That might sound impossible given that the contribution limit for a 401(k) plan this year is just $19,500.

But it is doable if you know what you’re doing.

My advice today is only relevant if you’re over 40 and earn a high income of at least a couple hundred thousand dollars as a business owner. If that’s not you, don’t fret. Simply maxing out your 401(k) every year will get you well on your way to financial freedom.

But if you happen to over 40 and are enjoying a nice run in your business, you have options that are simply not available to the rank and file.

Options to Max Out Your Account

Al has a 401(k) plan, just like you and me. And he maxes his account out every year.

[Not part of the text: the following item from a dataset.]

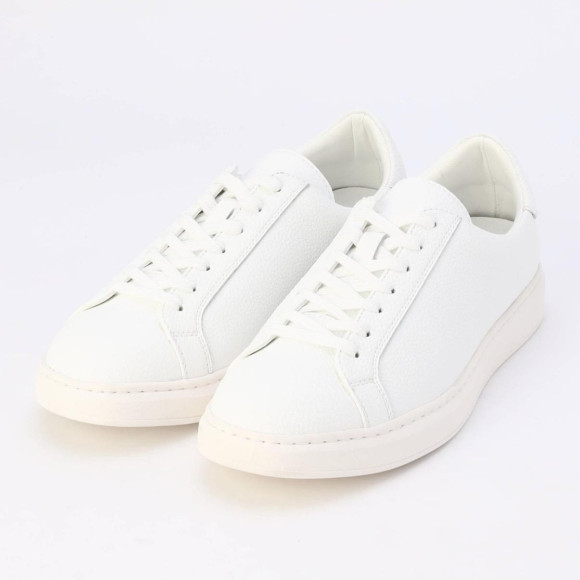 レザースニーカー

But he also pairs his 401(k) plan with a good old-fashioned defined benefit pension plan and gets to dump in an extra $100,000 as a result.

These are how the numbers shake out.

As I mentioned earlier, the current maximum salary deferral in a 401(k) plan is $19,500. That max gets bumped up to $26,000 if you’re 50 or older — though my friend Al is not.

Additionally, he’s able to stash away up to 6% of his salary via profit sharing, which also gets put in the 401(k) plan. The IRS caps the salary you can use in the calculation at $285,000, making his maximum profit-sharing contribution $17,100 for 2020.

It’s worth mentioning that his income is much higher than $285,000, but the IRS limits the salary you can use for matching or profit-sharing purposes to that figure.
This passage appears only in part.